![]()

Opini: Daeng Supri Yanto SH MH
Seorang Advokat/Pengacara
Putusan Mahkamah Konstitusi (MK) yang membatalkan ketentuan mengenai jangka waktu Hak Guna Usaha (HGU) hingga 190 tahun di Ibu Kota Nusantara (IKN) merupakan sebuah preseden penting dalam konstelasi hukum agraria dan investasi di Indonesia. Keputusan ini, yang lahir dari gugatan konstitusionalitas terhadap Pasal 16A ayat 1, 2, dan 3 Undang-Undang Nomor 21 Tahun 2023, bukan sekadar respons terhadap formalitas legalistik, melainkan sebuah artikulasi mendalam mengenai prinsip keadilan intergenerasional dan keseimbangan kepentingan dalam pembangunan berkelanjutan.
Dalam perspektif yuridis, putusan MK ini menggarisbawahi pentingnya interpretasi konstitusi yang dinamis dan kontekstual.

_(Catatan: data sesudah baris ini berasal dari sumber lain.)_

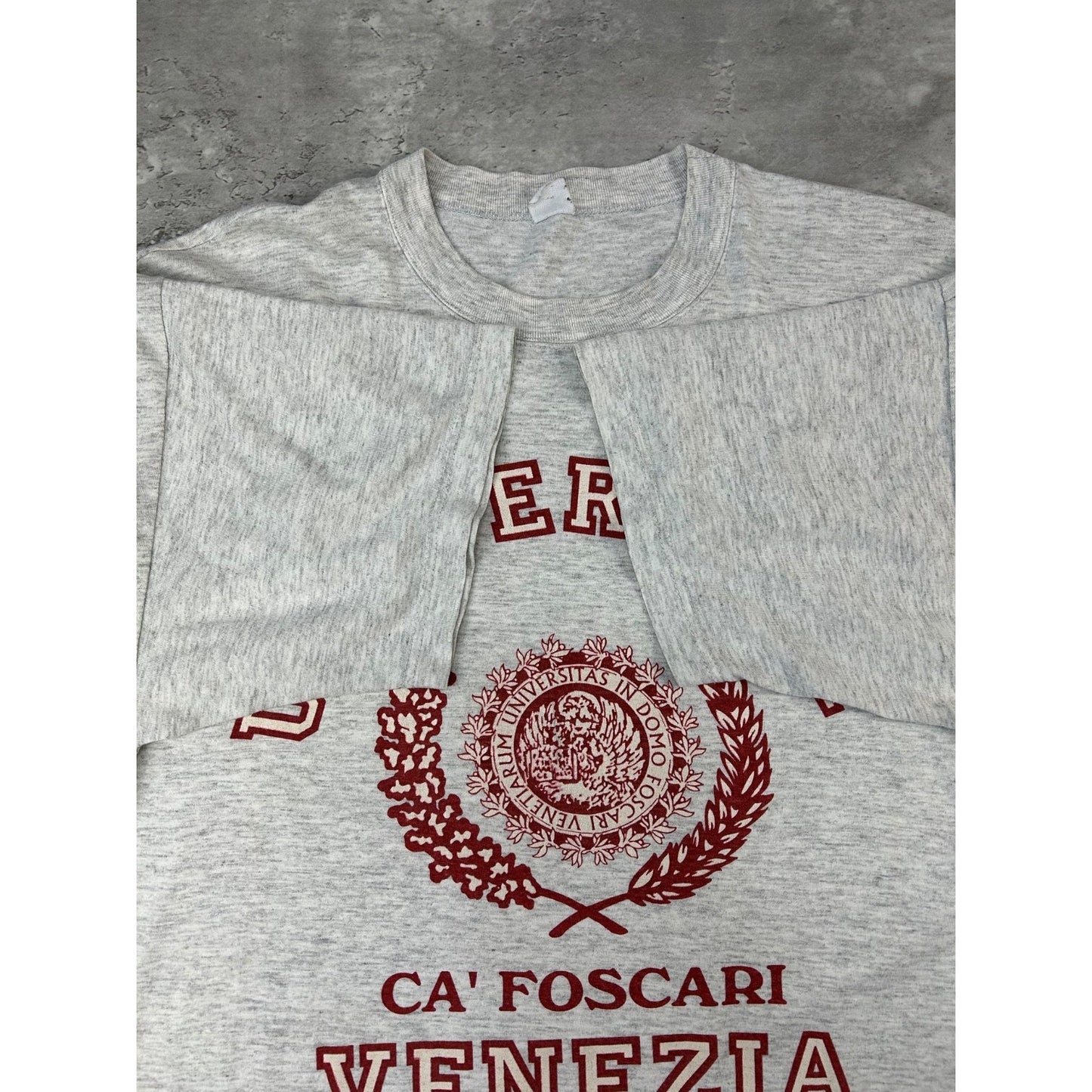 Vintage 90s Universita Venezia Collegiate Crest Graphic T-Shirt Size XL Gray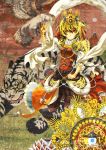  1girl 9ji bird bishamonten&#039;s_pagoda blonde_hair hair_ornament jeweled_pagoda multicolored_hair short_hair tiger toramaru_shou touhou yellow_eyes 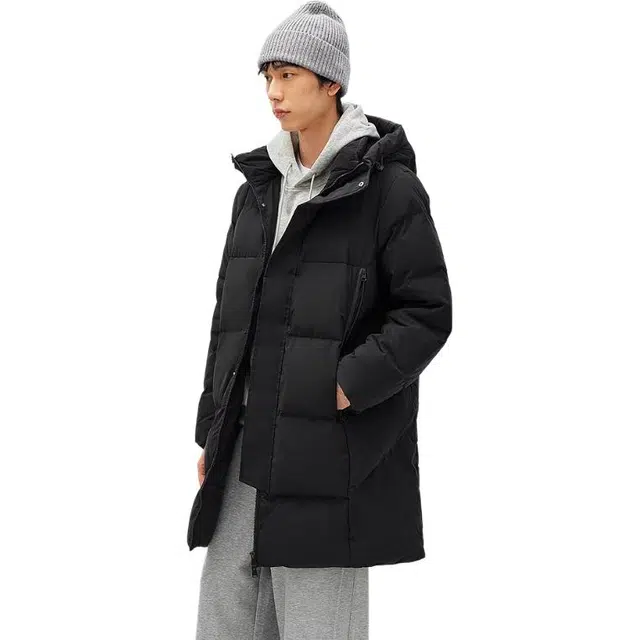 森马 时尚百搭简约舒适日常通勤柔软舒适亲肤三防户外长款连帽面包服保暖羽绒服 男款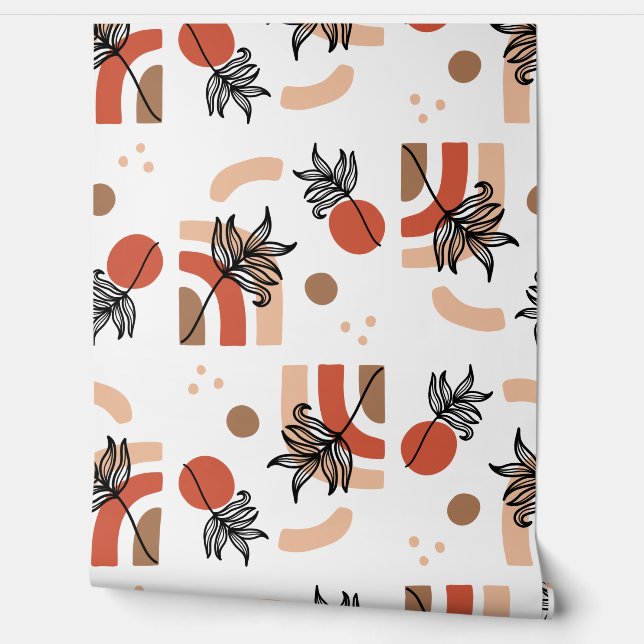 Boho Abstract Pattern | Moderne minimalistische na Behang (Afrollen)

Pemberian HGU dengan durasi yang nyaris mencapai dua abad berpotensi menciptakan alienasi sumber daya agraria dari generasi ke generasi, sebuah praktik yang secara inheren bertentangan dengan semangat Pasal 33 Undang-Undang Dasar 1945 yang mengamanatkan pengelolaan sumber daya alam untuk sebesar-besarnya kemakmuran rakyat. MK, dalam kapasitasnya sebagai the guardian of the constitution, bertindak sebagai penyeimbang terhadap kecenderungan pragmatisme ekonomi yang berpotensi mengorbankan prinsip-prinsip keadilan sosial dan keberlanjutan lingkungan.
Implikasi strategis dari putusan ini sangatlah signifikan, terutama dalam konteks investasi di IKN. Reaksi pasar yang ditandai dengan keraguan investor merupakan indikasi bahwa kepastian hukum dan stabilitas regulasi merupakan prasyarat mutlak bagi iklim investasi yang kondusif. Pemerintah, dalam hal ini, dihadapkan pada tantangan untuk merumuskan ulang kerangka regulasi agraria di IKN yang mampu menjembatani antara kebutuhan investasi jangka panjang dengan prinsip-prinsip keadilan dan keberlanjutan.
Langkah-langkah yang dapat ditempuh antara lain adalah:
1. Revisi Regulasi yang Komprehensif: Pemerintah perlu melakukan revisi terhadap peraturan terkait HGU, Hak Guna Bangunan (HGB), dan Hak Pakai (HP) di IKN, dengan mempertimbangkan putusan MK dan prinsip-prinsip kepastian hukum, keadilan, serta keberlanjutan. Proses revisi ini harus melibatkan partisipasi aktif dari berbagai pemangku kepentingan, termasuk masyarakat adat, akademisi, praktisi hukum, dan perwakilan investor.
2. Pengembangan Model Investasi Alternatif: Pemerintah perlu mengembangkan model investasi alternatif yang tidak hanya bertumpu pada HGU dengan jangka waktu yang panjang. Model-model seperti kemitraan strategis, build-operate-transfer (BOT), atau skema investasi berbasis obligasi dapat menjadi alternatif yang menarik bagi investor dengan tetap memperhatikan kepentingan publik.
3. Peningkatan Transparansi dan Akuntabilitas: Pemerintah perlu meningkatkan transparansi dan akuntabilitas dalam pengelolaan lahan di IKN. Hal ini dapat dilakukan dengan membangun sistem informasi pertanahan yang terintegrasi dan mudah diakses oleh publik, serta memperkuat mekanisme pengawasan dan penegakan hukum terhadap pelanggaran hak atas tanah.
4. Dialog Konstruktif dengan Investor: Pemerintah perlu membuka dialog yang konstruktif dengan investor untuk memberikan penjelasan mengenai perubahan regulasi dan mencari solusi yang saling menguntungkan. Dialog ini harus didasarkan pada prinsip saling menghormati dan pemahaman yang mendalam mengenai kebutuhan dan harapan masing-masing pihak.
Sebagai penutup, putusan MK ini merupakan momentum penting bagi penataan ulang paradigma pembangunan di Indonesia. Pembangunan IKN harus menjadi proyek yang tidak hanya berorientasi pada pertumbuhan ekonomi semata, melainkan juga pada peningkatan kualitas hidup masyarakat, pelestarian lingkungan, dan penegakan prinsip-prinsip keadilan sosial. Dengan demikian, IKN dapat menjadi simbol kemajuan Indonesia yang berkelanjutan dan inklusif.